‘A historic moment.’ Kids picket alongside teachers in LAUSD strike


The LAUSD strike on Monday left thousands of parents unsure of what to do with their children — take them to school, where they were likely be herded into large rooms without their teachers, or let them stay home?

Instead, many went with a third option and took their kids to the picket lines to join teachers, whether the kids wanted to go or not.

Perla Flores, a 33-year-old stay-at-home mom, made the teachers’ strike a teaching moment. She trailed the picketers at El Sereno Middle School with her two children and her husband in tow. Her third child, baby Mateo, was strapped to her chest with a sling. Mateo peeked out from under a yellow and black “Minions”-themed beanie with a finger in his mouth.


Flores carried a pink, checkered umbrella in one hand and, in the other, a sign that read: “Estamos con los maestros de Los Angeles!” (“We’re with the teachers of Los Angeles.”)

She said she brought her kids because she wanted to support teachers.

“One person shouldn’t have to handle 40 kids,” Flores said. “I have three kids and I can only just handle that. How can a teacher with 30 kids be expected to teach well and help every student?”

Marco Torres, Flores’ 12-year-old son, said he didn’t mind the gloomy weather. Bundled up in a red sweatshirt and holding an umbrella, he agreed with his mother. “I really want a good future, so I want the strike to go on,” he said. “The teachers want smaller classes — a big class is a lot.”

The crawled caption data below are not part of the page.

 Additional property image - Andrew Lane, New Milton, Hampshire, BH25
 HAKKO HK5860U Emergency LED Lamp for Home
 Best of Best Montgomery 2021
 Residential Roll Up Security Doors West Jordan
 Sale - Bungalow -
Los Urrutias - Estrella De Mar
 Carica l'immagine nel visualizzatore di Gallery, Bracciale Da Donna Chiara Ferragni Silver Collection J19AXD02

Flores said her children were scared of how long they might be out of school. But she said she was excited for them to witness this historic moment, even though “it shouldn’t be a historic moment.”

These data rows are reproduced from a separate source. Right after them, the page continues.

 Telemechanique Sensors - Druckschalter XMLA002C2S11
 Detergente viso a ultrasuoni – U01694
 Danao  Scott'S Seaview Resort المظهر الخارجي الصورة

Another mother, Cherie Sanchez, looked to her son and daughter, huddled in pink and green raincoats. She gave her son a nod and asked him, “What are we trying to do, Rocco?”

“I have a bad memory mom,” the 10-year-old responded. But then he recited from memory: “We want to get a raise for teachers, smaller class sizes, more teachers, credentialed nurses.”

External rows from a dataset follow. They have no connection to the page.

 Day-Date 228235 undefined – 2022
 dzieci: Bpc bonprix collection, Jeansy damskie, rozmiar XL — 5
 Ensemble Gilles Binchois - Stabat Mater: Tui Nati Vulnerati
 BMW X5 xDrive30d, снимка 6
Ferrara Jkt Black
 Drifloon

Rocco said his parents had been glued to the television and their smartphones for months, looking for news about negotiations between LAUSD and the teachers union.


Sanchez, 48, works as an account manager for a software company but says she’s planning to take time off to take care of her kids at home during the teachers’ strike. Her spouse is a special education teacher for LAUSD, she said, and so she has been steeling for this strike for months.

“Public schools are expected to support special needs students but without the resources to do so,” Sanchez said. “For me, the problem is the privatization of charter schools, and the large class sizes. I want smaller class sizes for my kids.”

She plans to bring her children out with her every morning to picket and then have them read books at home. “I’m lucky,” she said. “I have a flexible schedule. Not every parent is so fortunate.”

At Farmdale Elementary, adjacent to El Sereno Middle School, Leticia Martinez, 24, did her best to support L.A. teachers on the picket line. But her 3-year-old, Audrina, wasn’t as thrilled.

”She’s a little upset,” Martinez said, her daughter clinging to her. “It’s cold and it’s raining. She’s tired.”